In Ch. 3, Bloomfield makes even stronger claims against regarding happiness as a goal. He argues that happiness is only a side-effect or by-product of living virtuously (207-208). "What ought to take pride of place in practical decision making is not being happy, but being virtuous" (208). But by-products are unimportant, and often undesirable, products, like the smoke from a coal engine. So if happiness is only a by-product, it's hard to see it as valuable, and if it's valuable, it's hard to see why it should altogether drop out of our deliberation and motivation. For reasons given above, instrumental and non-instrumental motivations can exist simultaneously. Further, if happiness consists largely of virtuous activity, then in deliberating about the virtuous thing to do we can't help but be aware that doing it is part of leading a happy life. Bloomfield's sidelining of happiness in deliberation and motivation is in tension with his central argument that we ought to be virtuous because virtue is constitutively necessary for happiness.

There is, of course, a conception of happiness on which Bloomfield's view that happiness ought not to be central in practical decision making is (usually) true: the purely psychological sense of feeling good about one's life, having positive moods, or having a long-term sense of self-fulfillment. But this is not Bloomfield's conception of happiness.

Bloomfield's recommendations in his discussion of love of people are equally austere. He argues that although love of good people is rewarding, we ought not to love them for the sake of the reward -- including the reward of having our love reciprocated (221). Having our love returned is also, he states, a by-product of love (although see 219, n. 74). But at least in romantic love and friendship, being loved or liked back is of the very essence of a relationship worth having, and the desire for being loved or liked, and the belief that we are or will be loved or liked, is necessary for letting our feelings grow and sticking with the relationship.

Bloomfield concludes the book in Ch. 3 by providing a lively and original discussion of the virtues of justice, courage, temperance, and phronesis (practical wisdom), and their role in the good life. He recognizes that the virtues are related to each other, but rejects the unity of virtue doctrine that says that there is only one virtue: phronesis. He also offers an excellent argument against the Stoics, pointing out that if happiness is identical with virtue, then, if a disaster killed everyone except for one virtuous person, on the Stoic view he would, implausibly, continue to be happy (203).
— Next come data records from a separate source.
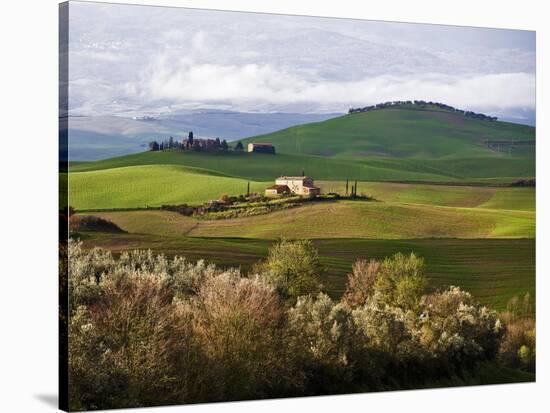 Tuscan Countryside-Vadim Ratsenskiy-Stretched Canvas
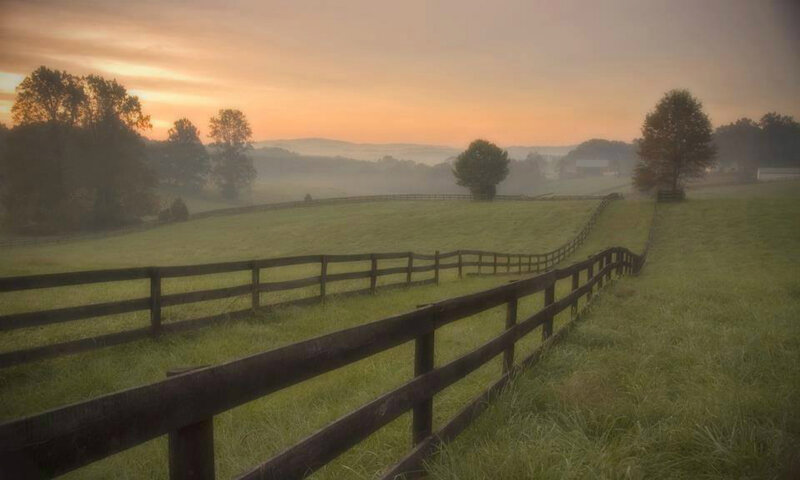 Fenced Field at Sunrise — Green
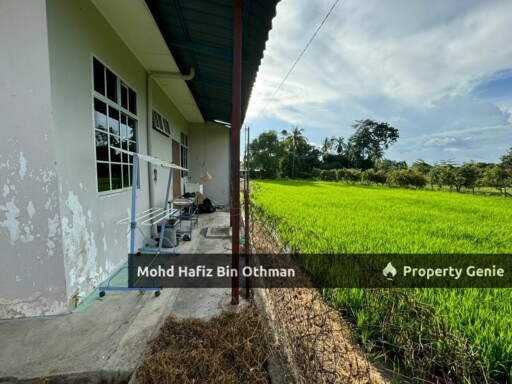 Taman Padang Nyu, Arau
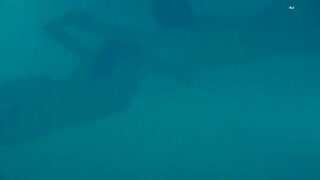 Maiwenn Le Besco and Estelle Lefebure Nudes in the water from Le Bal des Actrices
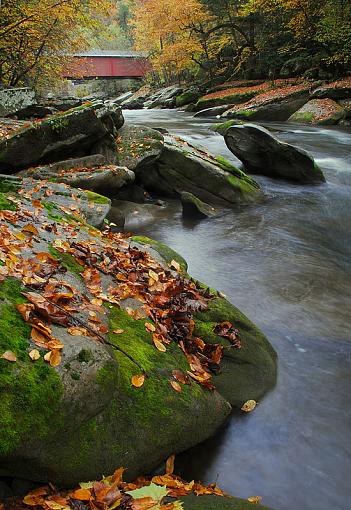 Covered Bridge in fall-1-dyl_7830-edit-small.jpg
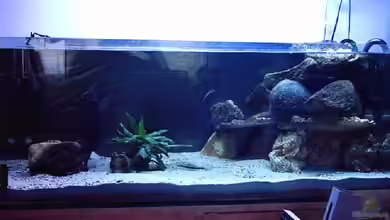 Becken 1635 von Nicolay Brätter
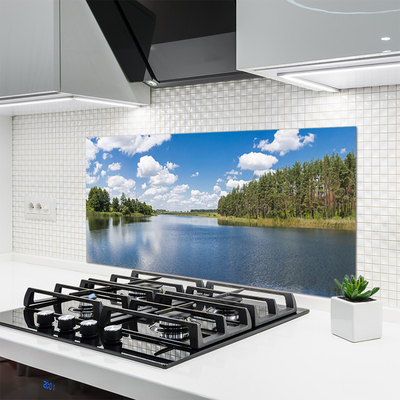 Painel vidro cozinha Paisagem da Floresta do Lago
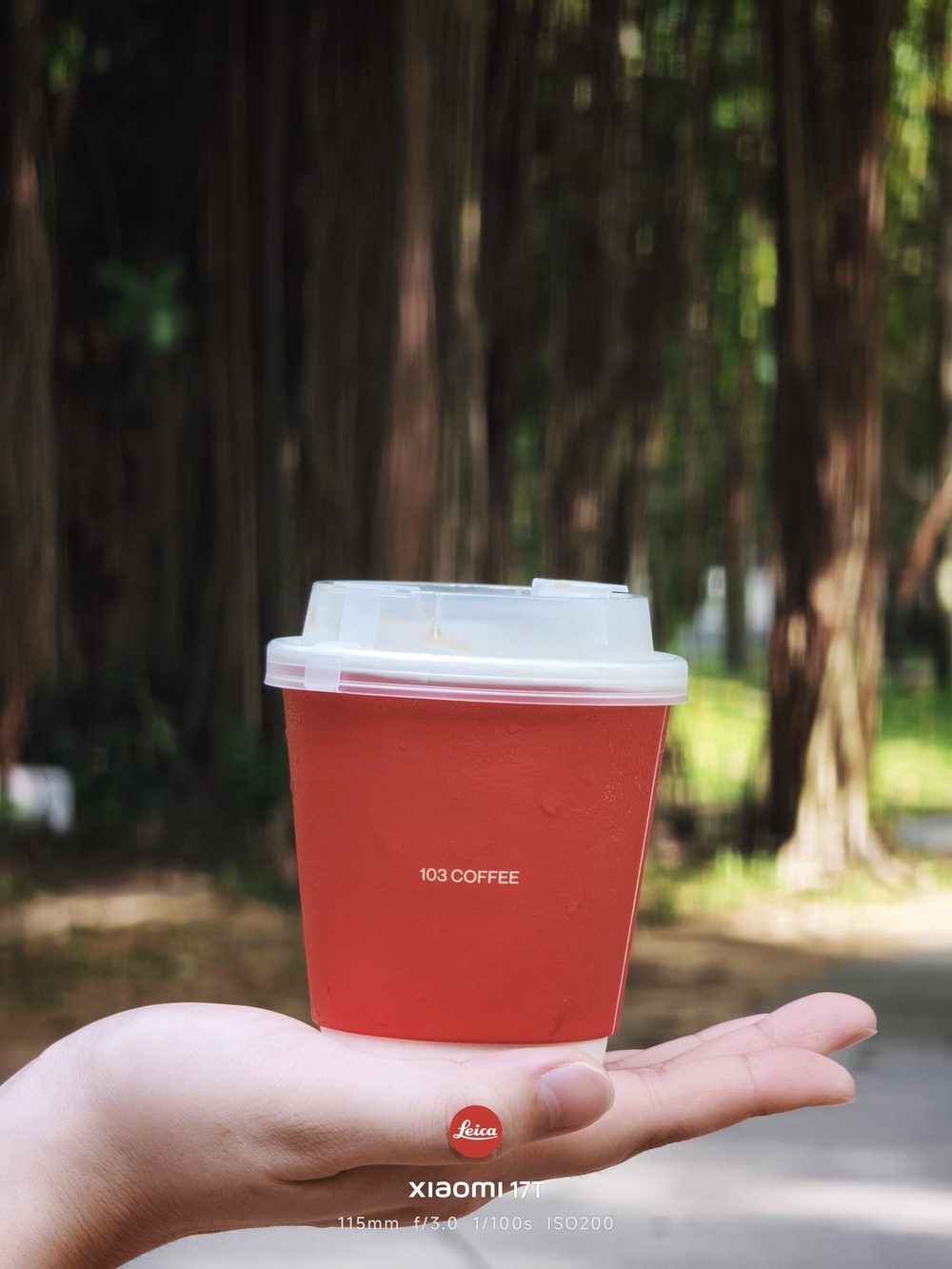 Image from: Xiaomi 17T: What more can you ask for?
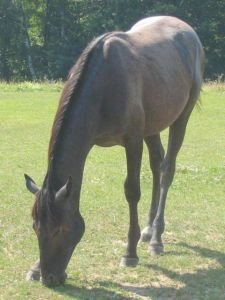 rok a půl staré hříbě a jeho výživný stav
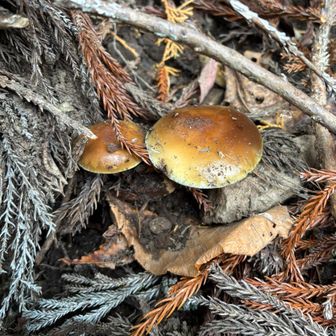登山口付近で、エノキタケを発見

土から生えているように見えるが、埋もれた木から生えているのだろう

カサに粘性があるので、ゴミが付着している

カサの大きさは、右側が約４cm
(もっと大きくなるものもあって、以前 約10cmのものを雪の中で見つけたことがある)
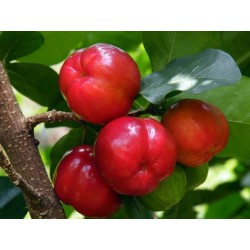 Visnja Barbadosa Seme - Barbados Cherry (Malpighia glabra)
There is much else worth discussing in this book, but space restrictions prevent me from doing so. Bloomfield is more optimistic than I that acting virtuously is always more happiness-making than acting non-virtuously, regardless of the situation, but I agree with his basic point about the centrality of virtue in a happy life. All in all, Bloomfield's book makes an important contribution to the eudaimonistic literature and is also a pleasure to read.